Showtime I'm dying up here

Au début du mois, Showtime a lancé sa nouvelle fiction I’m Dying Up Here. La série est disponible ici au Canada sur le service CraveTV en exclusivité et, croyez-moi, ça vaut la peine de penser à l’abonnement ne serait-ce que pour suivre cette intéressante incursion dans le monde des aspirants humoristes américains des années 1970.

Inspiré d’un roman de William Knoedelseder sur les coulisses d’un comedy club de Los Angeles, I’m Dying Up Here est une version fictionnalisée de l’ascension de plusieurs grands humoristes incluant Jim Carey, qui figure d’ailleurs au générique à titre de producteur. Ceci dit, ne cherchez pas du potin croustillant, le Los Angeles de 1973 de la série est presque complètement fictif incluant le bar et sa propriétaire campée par Melissa Leo. Par contre, des acteurs se prêtent au jeu et font revivre brièvement des grandes pointures comme Richard Pryor ou Johnny Carson.

En fait, I’m Dying Up Here s’inscrit dans la lignée des séries explorant la vie de ces gens payés pour nous faire rire en levant le voile sur les parts d’ombre. Ici, plus particulièrement, la portion dramatique est doublement accentuée quand on suit une bande d’aspirants humoristes qui ont beaucoup de difficultés à s’adapter à ce nouvel environnement qui ressemble plus à une jungle qu’à une confrérie. On gravite autour de ce bar qui sert un peu d’école de l’humour à une génération rêvant d’un jour faire le Tonight Show.

C’est d’ailleurs la force de la série jusqu’ici, une lenteur assumée qui puise sa charge dramatique dans les petits moments et les difficultés du quotidien, comme le faisait admirablement bien Louie de l’humoriste Louis C.K.

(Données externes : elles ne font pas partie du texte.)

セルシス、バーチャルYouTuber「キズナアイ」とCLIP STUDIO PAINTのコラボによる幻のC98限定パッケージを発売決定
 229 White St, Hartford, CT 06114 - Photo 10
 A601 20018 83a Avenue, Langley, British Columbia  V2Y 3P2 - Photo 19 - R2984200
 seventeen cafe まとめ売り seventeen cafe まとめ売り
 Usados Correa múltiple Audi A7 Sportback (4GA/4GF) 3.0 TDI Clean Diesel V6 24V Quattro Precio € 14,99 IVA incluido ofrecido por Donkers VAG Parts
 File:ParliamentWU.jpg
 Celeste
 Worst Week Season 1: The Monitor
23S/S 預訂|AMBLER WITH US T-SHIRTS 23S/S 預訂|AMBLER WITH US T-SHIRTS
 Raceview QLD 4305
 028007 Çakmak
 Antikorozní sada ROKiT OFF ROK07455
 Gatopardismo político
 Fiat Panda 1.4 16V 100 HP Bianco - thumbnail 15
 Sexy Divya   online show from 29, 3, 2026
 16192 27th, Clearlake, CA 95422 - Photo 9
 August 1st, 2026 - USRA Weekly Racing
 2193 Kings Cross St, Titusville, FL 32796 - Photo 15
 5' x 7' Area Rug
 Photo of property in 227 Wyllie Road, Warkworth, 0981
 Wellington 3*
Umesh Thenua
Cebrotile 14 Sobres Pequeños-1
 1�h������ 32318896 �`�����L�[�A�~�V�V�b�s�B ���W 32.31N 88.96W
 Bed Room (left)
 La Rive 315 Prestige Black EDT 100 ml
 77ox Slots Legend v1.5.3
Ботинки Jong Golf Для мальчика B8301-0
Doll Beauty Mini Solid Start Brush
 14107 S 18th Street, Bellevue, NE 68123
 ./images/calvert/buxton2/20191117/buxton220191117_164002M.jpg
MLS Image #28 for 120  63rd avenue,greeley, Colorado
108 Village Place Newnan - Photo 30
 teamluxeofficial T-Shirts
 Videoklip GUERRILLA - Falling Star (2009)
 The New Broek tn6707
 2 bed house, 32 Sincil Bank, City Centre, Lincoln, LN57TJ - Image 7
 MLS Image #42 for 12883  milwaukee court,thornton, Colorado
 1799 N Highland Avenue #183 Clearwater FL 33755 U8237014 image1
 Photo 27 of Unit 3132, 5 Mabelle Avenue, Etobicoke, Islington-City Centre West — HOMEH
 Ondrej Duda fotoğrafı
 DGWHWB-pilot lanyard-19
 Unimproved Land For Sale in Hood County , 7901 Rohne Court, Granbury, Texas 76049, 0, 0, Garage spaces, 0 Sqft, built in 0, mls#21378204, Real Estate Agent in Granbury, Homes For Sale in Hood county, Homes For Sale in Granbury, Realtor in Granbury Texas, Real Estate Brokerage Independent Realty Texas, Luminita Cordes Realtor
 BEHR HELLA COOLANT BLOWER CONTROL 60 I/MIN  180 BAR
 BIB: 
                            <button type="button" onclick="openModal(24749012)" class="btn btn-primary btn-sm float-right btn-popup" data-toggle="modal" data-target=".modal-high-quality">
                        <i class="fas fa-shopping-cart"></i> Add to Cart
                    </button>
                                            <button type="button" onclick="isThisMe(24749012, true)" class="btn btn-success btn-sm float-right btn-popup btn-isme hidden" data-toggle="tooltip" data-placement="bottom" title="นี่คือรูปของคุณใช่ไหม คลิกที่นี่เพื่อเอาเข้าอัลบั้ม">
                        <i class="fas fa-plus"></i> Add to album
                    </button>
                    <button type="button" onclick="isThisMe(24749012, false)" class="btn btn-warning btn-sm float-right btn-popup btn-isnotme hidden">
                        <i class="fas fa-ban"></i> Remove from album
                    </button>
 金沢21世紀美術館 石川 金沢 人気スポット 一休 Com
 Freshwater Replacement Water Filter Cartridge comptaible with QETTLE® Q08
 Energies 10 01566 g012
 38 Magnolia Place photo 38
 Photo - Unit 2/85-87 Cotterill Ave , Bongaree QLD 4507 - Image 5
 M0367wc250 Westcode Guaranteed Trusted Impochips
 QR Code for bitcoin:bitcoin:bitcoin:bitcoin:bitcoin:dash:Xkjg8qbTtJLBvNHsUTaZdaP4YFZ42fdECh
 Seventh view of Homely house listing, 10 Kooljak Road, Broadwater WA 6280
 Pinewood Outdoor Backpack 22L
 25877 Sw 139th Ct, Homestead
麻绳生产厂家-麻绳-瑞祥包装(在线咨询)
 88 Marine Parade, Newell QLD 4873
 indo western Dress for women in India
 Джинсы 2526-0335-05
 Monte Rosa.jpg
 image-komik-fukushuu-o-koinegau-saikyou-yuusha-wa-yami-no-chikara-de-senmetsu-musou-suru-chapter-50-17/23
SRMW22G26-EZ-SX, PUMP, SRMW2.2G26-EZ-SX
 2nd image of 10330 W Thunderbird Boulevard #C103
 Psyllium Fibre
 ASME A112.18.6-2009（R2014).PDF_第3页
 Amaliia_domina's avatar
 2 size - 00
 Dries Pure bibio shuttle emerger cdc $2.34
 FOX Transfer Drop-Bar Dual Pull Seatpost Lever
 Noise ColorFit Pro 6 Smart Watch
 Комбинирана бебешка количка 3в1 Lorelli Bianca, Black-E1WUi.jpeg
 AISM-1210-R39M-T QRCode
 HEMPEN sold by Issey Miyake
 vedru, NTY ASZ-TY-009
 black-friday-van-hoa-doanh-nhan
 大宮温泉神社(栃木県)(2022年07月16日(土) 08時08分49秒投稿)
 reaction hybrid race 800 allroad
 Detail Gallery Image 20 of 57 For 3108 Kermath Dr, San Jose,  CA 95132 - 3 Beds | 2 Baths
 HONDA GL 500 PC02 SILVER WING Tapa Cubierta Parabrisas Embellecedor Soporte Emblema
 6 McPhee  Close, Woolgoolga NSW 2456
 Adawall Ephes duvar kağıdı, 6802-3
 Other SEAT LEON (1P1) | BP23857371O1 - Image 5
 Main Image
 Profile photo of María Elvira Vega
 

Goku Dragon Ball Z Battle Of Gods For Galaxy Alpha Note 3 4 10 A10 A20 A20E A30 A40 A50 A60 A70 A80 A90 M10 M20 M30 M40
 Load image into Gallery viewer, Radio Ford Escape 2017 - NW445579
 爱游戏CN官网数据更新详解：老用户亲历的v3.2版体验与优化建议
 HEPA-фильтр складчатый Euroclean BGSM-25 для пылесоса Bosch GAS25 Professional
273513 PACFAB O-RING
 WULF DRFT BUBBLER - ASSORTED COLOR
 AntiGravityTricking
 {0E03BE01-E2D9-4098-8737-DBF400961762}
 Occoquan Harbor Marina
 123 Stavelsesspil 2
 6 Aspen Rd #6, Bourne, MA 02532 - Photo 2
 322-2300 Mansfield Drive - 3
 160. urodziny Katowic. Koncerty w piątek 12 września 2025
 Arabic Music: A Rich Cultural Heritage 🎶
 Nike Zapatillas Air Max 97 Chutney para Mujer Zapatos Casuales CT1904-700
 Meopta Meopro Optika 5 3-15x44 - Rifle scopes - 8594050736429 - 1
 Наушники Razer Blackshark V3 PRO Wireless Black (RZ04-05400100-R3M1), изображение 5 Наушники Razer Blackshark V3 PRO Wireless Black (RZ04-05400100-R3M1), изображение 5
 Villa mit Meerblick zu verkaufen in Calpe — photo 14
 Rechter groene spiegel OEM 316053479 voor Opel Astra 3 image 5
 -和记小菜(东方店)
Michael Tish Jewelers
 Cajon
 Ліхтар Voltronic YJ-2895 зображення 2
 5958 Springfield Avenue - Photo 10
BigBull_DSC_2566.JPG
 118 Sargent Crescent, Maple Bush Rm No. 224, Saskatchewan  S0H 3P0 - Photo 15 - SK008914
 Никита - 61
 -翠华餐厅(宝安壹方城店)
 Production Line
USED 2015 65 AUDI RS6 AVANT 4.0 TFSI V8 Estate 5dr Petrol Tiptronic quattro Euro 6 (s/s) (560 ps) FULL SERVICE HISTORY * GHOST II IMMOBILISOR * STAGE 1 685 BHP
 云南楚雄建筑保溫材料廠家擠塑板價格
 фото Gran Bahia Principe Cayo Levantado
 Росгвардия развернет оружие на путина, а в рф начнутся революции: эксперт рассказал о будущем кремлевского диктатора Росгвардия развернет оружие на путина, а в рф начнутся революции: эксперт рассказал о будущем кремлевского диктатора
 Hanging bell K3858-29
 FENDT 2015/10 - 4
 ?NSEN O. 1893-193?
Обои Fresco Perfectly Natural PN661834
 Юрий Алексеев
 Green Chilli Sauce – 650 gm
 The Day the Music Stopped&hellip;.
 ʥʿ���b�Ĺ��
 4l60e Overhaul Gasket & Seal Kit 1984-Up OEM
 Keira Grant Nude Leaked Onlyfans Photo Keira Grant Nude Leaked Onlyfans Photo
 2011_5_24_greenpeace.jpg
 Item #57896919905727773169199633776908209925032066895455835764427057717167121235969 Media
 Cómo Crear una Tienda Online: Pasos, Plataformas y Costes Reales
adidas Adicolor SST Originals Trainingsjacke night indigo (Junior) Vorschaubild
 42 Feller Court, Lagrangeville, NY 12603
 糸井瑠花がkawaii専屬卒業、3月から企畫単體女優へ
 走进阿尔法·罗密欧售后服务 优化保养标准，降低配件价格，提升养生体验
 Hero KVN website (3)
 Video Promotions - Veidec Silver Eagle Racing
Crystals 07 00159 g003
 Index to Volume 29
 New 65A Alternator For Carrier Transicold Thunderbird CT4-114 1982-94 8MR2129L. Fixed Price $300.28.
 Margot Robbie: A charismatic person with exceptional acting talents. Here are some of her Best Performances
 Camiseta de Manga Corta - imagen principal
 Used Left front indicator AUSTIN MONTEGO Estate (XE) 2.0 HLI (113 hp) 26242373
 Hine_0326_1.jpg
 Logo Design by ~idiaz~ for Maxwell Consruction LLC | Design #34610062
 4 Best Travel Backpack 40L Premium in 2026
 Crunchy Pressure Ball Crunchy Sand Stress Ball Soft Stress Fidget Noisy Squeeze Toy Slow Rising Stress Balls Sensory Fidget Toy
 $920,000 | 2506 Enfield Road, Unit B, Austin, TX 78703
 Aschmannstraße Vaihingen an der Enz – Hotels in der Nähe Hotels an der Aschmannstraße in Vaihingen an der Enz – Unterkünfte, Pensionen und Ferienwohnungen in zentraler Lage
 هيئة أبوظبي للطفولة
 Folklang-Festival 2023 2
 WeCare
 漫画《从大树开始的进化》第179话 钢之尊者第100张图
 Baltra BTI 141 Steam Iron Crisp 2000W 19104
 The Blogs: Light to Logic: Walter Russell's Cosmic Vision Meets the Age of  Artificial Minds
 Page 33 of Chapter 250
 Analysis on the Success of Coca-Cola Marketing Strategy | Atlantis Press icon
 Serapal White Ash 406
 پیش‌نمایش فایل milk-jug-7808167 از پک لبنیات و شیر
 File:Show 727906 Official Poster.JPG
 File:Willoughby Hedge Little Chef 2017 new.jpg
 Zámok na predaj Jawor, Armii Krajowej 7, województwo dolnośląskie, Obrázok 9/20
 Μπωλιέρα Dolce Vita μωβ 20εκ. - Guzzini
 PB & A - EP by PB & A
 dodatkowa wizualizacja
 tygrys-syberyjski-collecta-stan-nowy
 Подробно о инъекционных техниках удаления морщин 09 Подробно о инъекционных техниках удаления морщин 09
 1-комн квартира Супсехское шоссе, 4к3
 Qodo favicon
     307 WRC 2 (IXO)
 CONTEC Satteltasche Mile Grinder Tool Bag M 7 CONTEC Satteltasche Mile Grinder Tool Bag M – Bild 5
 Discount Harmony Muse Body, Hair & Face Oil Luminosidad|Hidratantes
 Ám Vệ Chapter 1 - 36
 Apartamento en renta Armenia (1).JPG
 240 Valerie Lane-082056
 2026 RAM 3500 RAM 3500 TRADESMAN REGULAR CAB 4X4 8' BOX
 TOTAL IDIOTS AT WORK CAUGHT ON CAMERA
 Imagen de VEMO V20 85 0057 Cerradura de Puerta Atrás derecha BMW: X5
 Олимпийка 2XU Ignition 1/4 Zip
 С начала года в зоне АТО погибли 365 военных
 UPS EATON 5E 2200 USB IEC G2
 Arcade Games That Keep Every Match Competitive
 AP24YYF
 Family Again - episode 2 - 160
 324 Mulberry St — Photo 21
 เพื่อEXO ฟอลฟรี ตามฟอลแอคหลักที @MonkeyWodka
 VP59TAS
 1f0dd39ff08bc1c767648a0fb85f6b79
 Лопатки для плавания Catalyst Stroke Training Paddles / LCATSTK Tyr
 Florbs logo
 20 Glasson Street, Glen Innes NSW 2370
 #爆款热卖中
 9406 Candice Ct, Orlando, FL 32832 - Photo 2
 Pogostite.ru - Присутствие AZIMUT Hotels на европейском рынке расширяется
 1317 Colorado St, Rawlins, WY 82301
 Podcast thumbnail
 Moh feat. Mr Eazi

Les deux séries ne se comparent pas, mais il y a une certaine familiarité dans l’absence de gêne quand vient le temps d’exposer les travers et les tristesses d’humoristes en quête d’un dix minutes sur une scène pour se faire un nom.

Comme c’est du Showtime, il y a une certaine qualité cinématographique et le format, des épisodes d’une heure, accentue l’impression de voir se développer devant nous un long film dans lequel on s’investit.

Ne faites pas l’erreur d’écarter I’m Dying Up Here du revers de la main devant l’abondance de séries sur les tribulations banales d’aspirants artistes. Il y a un petit quelque chose qui vaut le détour dans cette nouveauté. Je ne veux pas trop vous en dire, mais ça serait ma suggestion du mois avant de tomber dans la télé estivale.